> [Problem to solve]: From the records below, extract all the text exactly and leave the images behind.

Short web captions:

------------------------------------------------

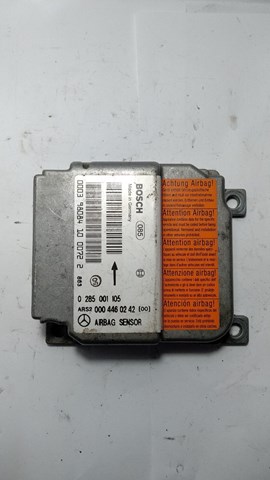 Купить 0285001105 Bosch Модуль-процессор управления подушкой безопасности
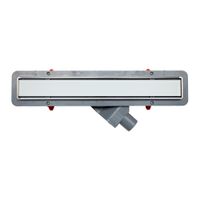 Товар: Душевой лоток POINT Деметра стекло белое 650 арт арт-PN50565GLW - фото 4 Душевой лоток POINT Деметра стекло белое 650 арт арт-PN50565GLW — фото 4, Душевые лотки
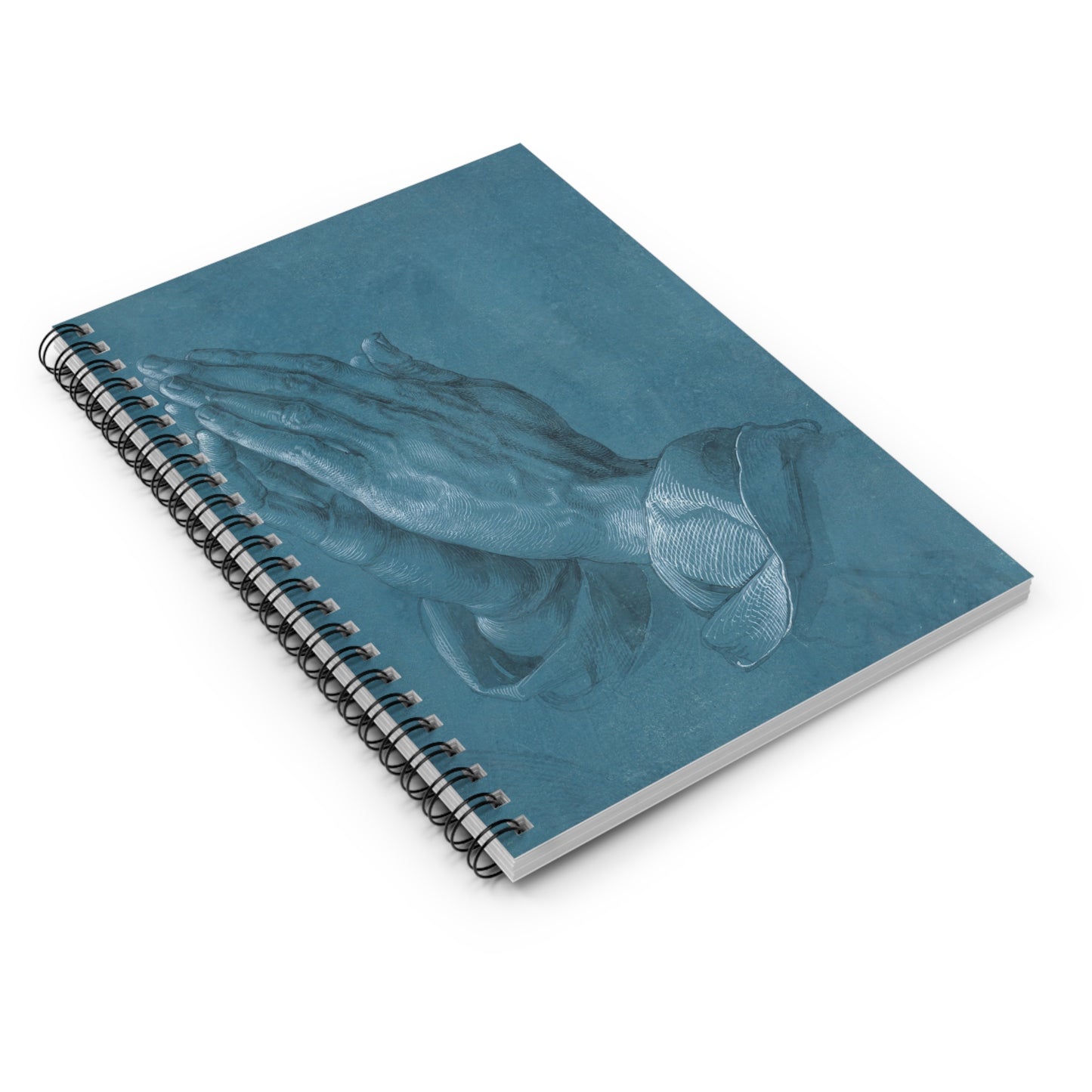 ALBRECHT DURER - PRAYING HANDS - SPIRAL ART NOTEBOOK 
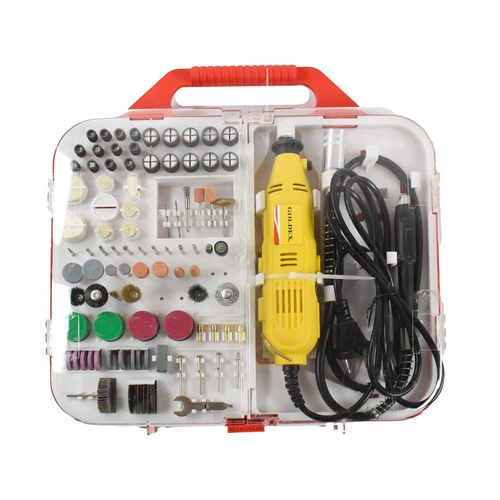 Mini torno GOLDEX 135 w en valija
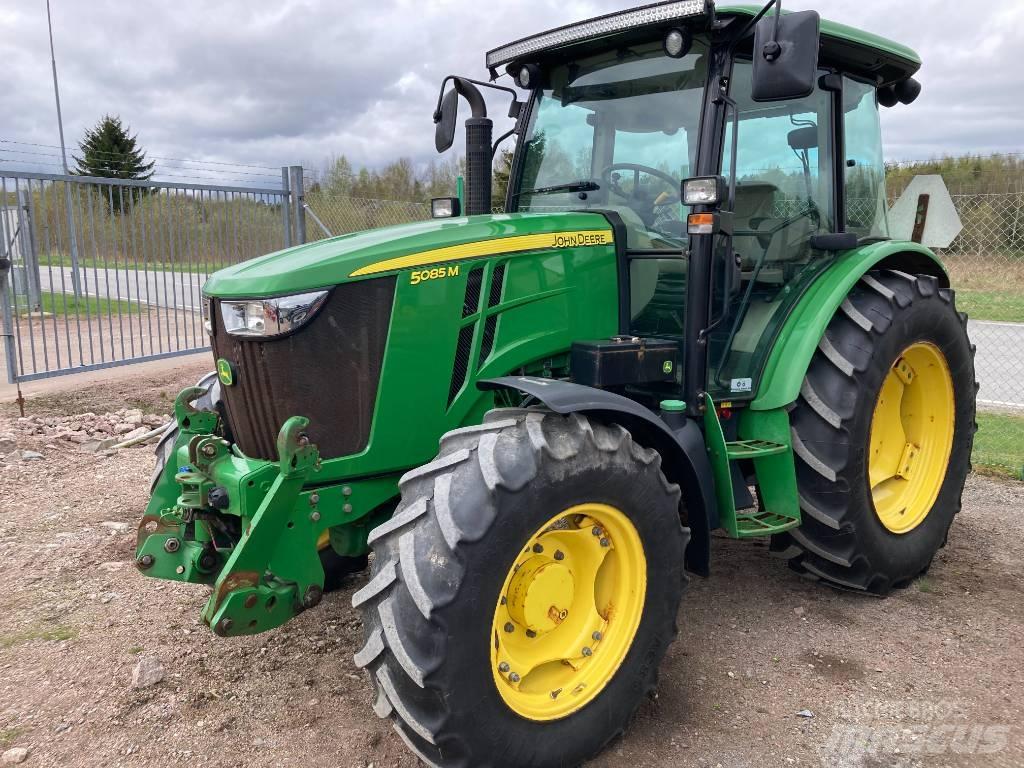 John Deere 5085 M Tractoren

------------------------------------------------

> [Result of the exercise]:
 Купить 0285001105 Bosch Модуль-процессор управления подушкой безопасности
 Товар: Душевой лоток POINT Деметра стекло белое 650 арт арт-PN50565GLW - фото 4 Душевой лоток POINT Деметра стекло белое 650 арт арт-PN50565GLW — фото 4, Душевые лотки
 ALBRECHT DURER - PRAYING HANDS - SPIRAL ART NOTEBOOK 
 Mini torno GOLDEX 135 w en valija
 John Deere 5085 M Tractoren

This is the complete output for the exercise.